=== RECORDED DATA ===

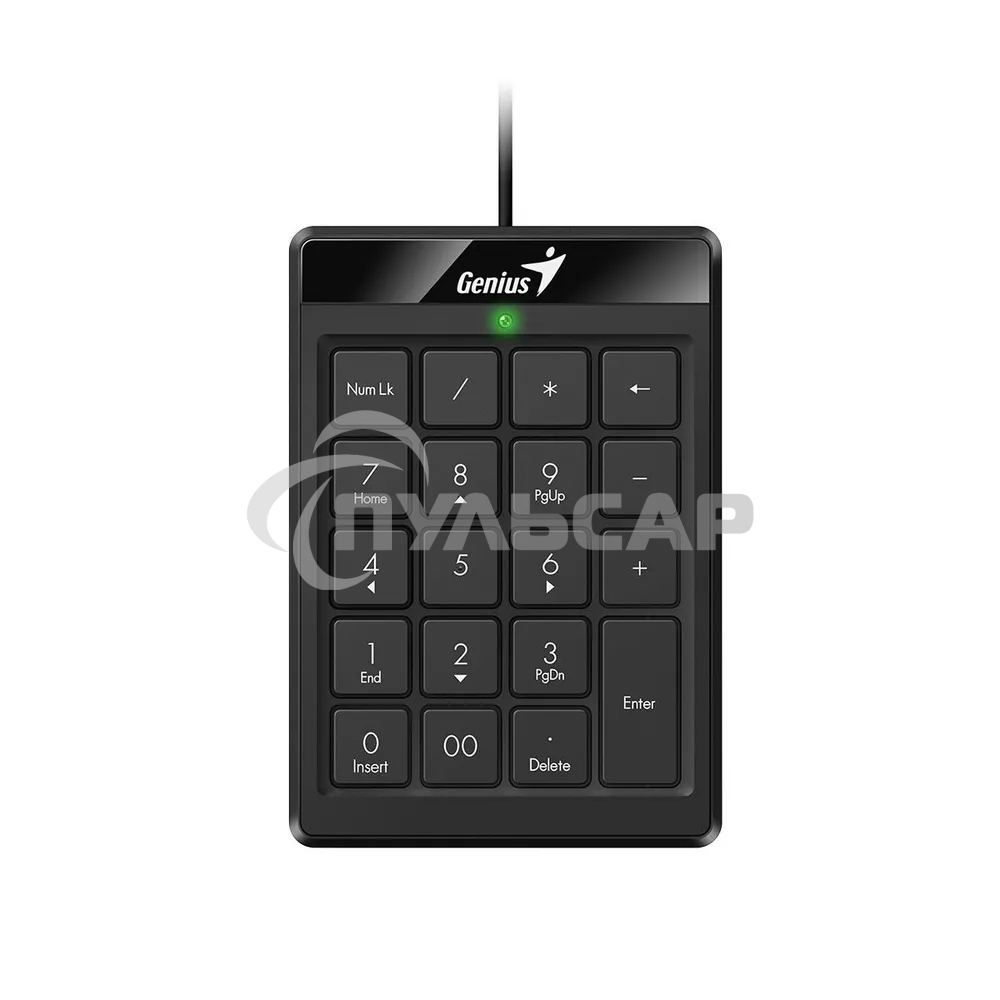 Клавиатура проводная Genius NumPad 110, 19 keys, USB, color: черный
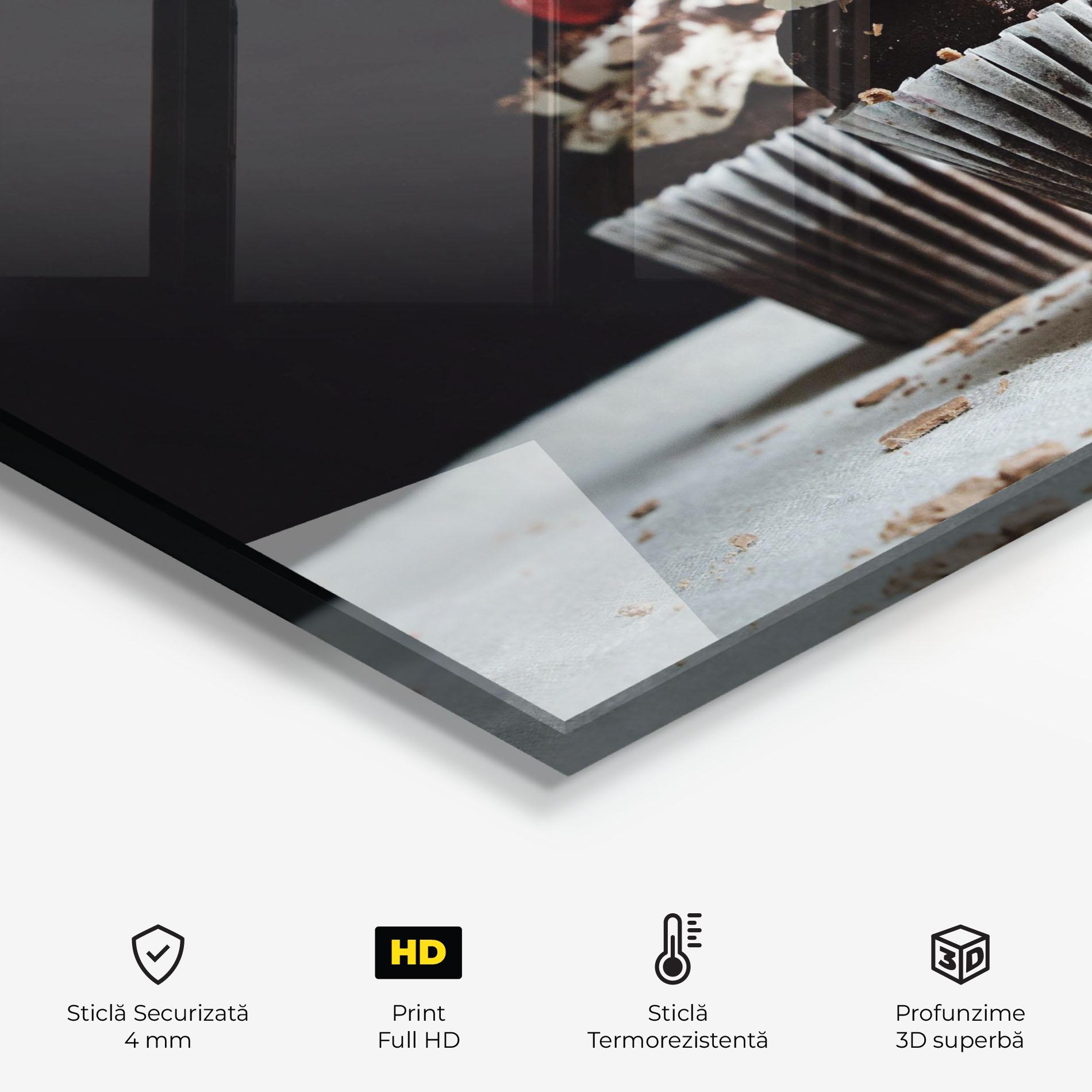 Panou Sticla Bucatarie Brown Muffins mockup 2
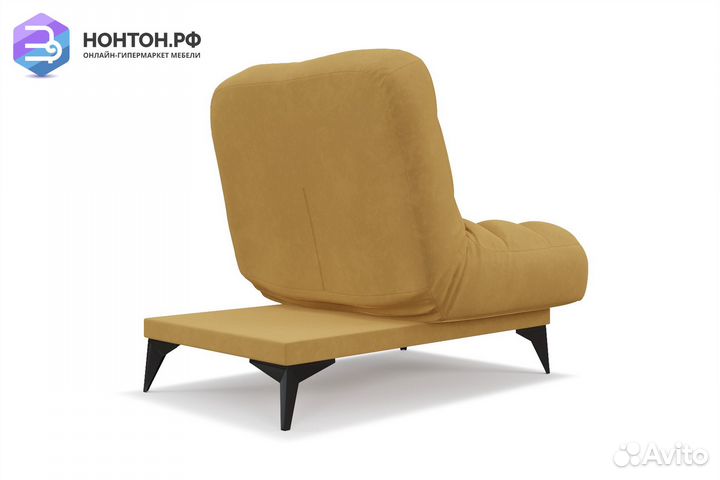 Кресло клик-кляк Арно велюр желтый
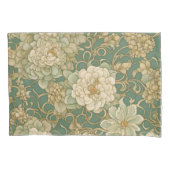 Nostalgische bloemen in  tinten kussensloop (Voorkant)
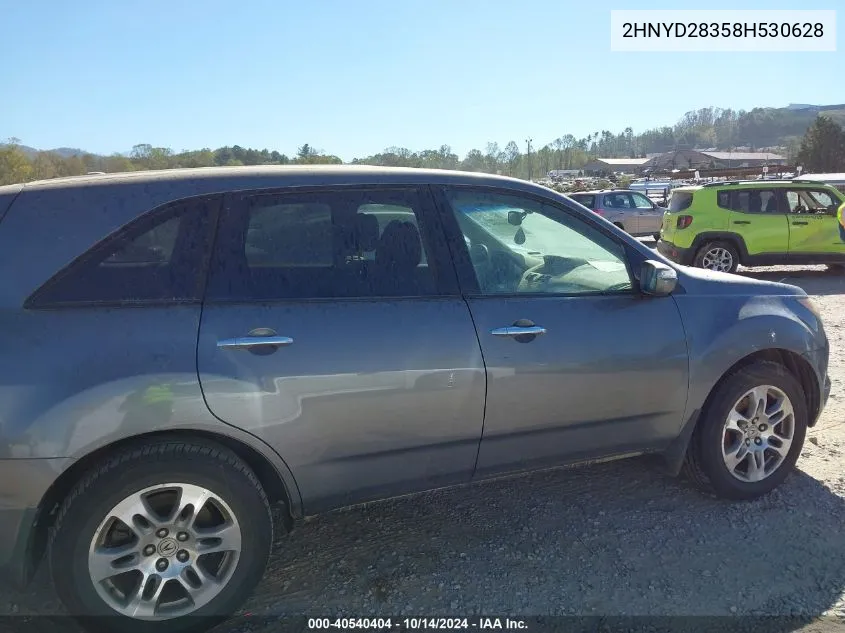 2008 Acura Mdx Technology Package VIN: 2HNYD28358H530628 Lot: 40540404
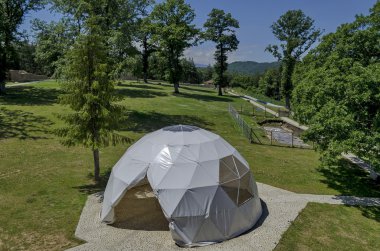 Çadır koru Bilgi Panosu Prevails Mali şehrin detaylı planı ile için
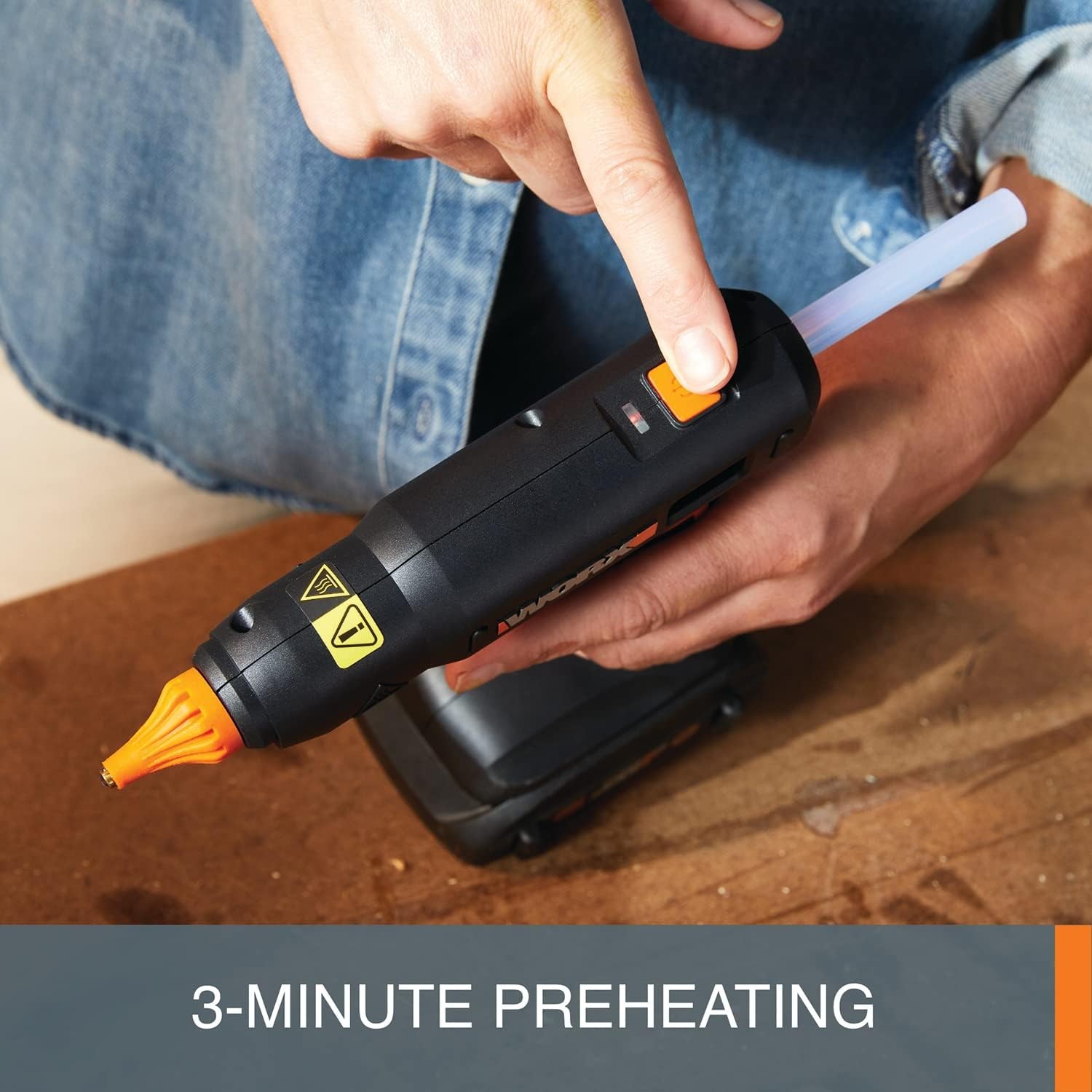 20V Power Share Full-Size Hot Glue Gun WX045L.9- (Tool Only)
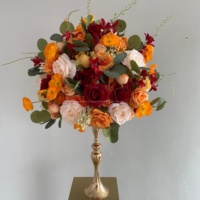 Bunga Mawar Hydrangea Sutra Buatan Tahan Lama B112 Warna Putih dengan Daun Hijau, Dekorasi Meja untuk Pernikahan, Pesta Ulang Tahun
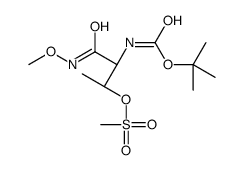 [S-(R*,R*)]-[1-[(Methoxyamino)carbonyl]-2-[(Methylsulfonyl)oxy]propyl]-carbamic Acid 1,1-Dimethylethyl Ester structure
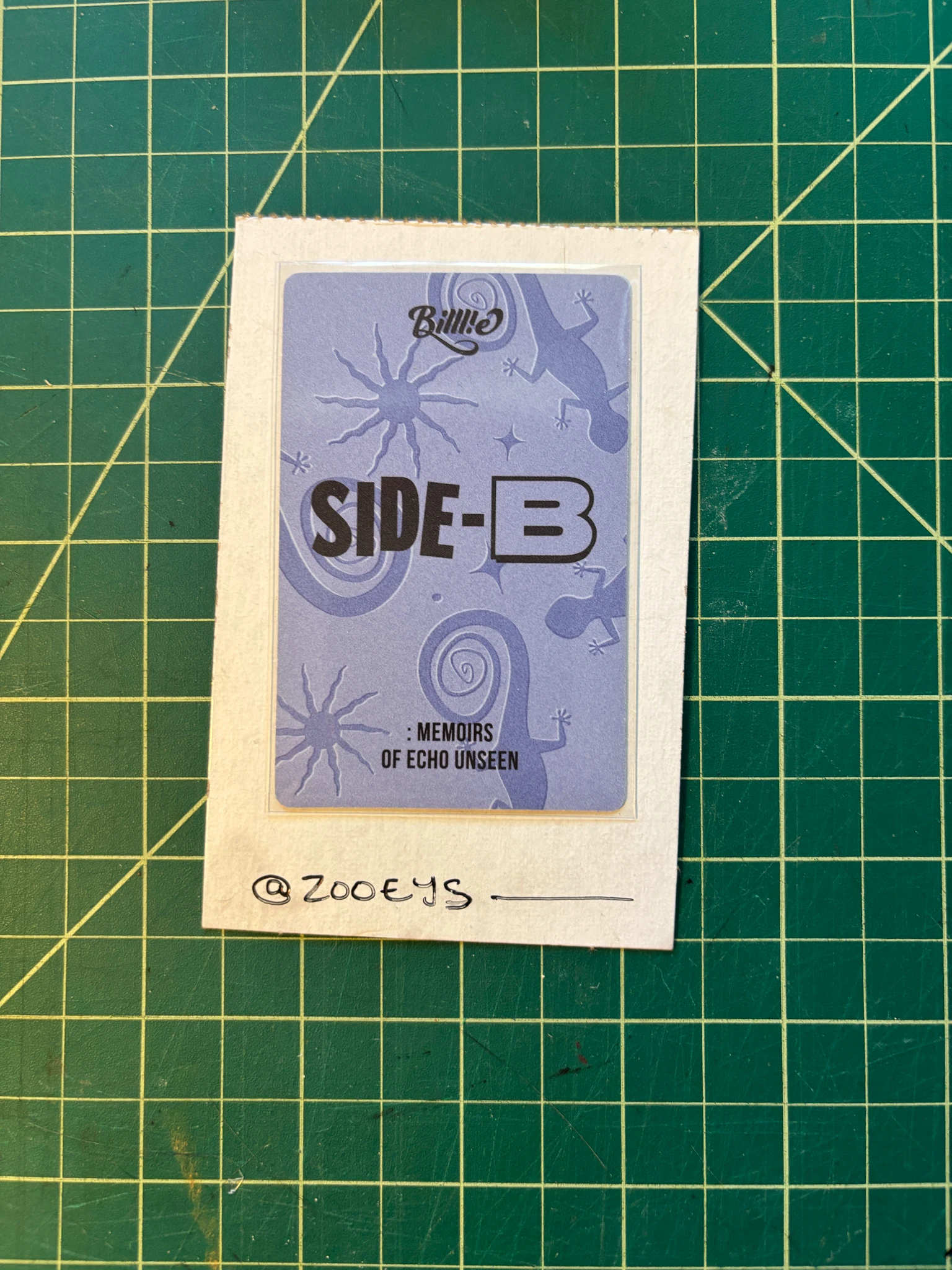 Billlie Haram Billlie - Haram - side-B : memoirs of echo unseen Album blue version album photocard listing photo 2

===

--- PROBLEM REQUIREMENTS ---
From the line holding "Bunga Mawar Hydrangea" to the final line of the data above, give each line again exactly, both ends included, and drop the pictures.

--- RESULT FOR THIS EXERCISE ---
 Bunga Mawar Hydrangea Sutra Buatan Tahan Lama B112 Warna Putih dengan Daun Hijau, Dekorasi Meja untuk Pernikahan, Pesta Ulang Tahun
 [S-(R*,R*)]-[1-[(Methoxyamino)carbonyl]-2-[(Methylsulfonyl)oxy]propyl]-carbamic Acid 1,1-Dimethylethyl Ester structure
 Billlie Haram Billlie - Haram - side-B : memoirs of echo unseen Album blue version album photocard listing photo 2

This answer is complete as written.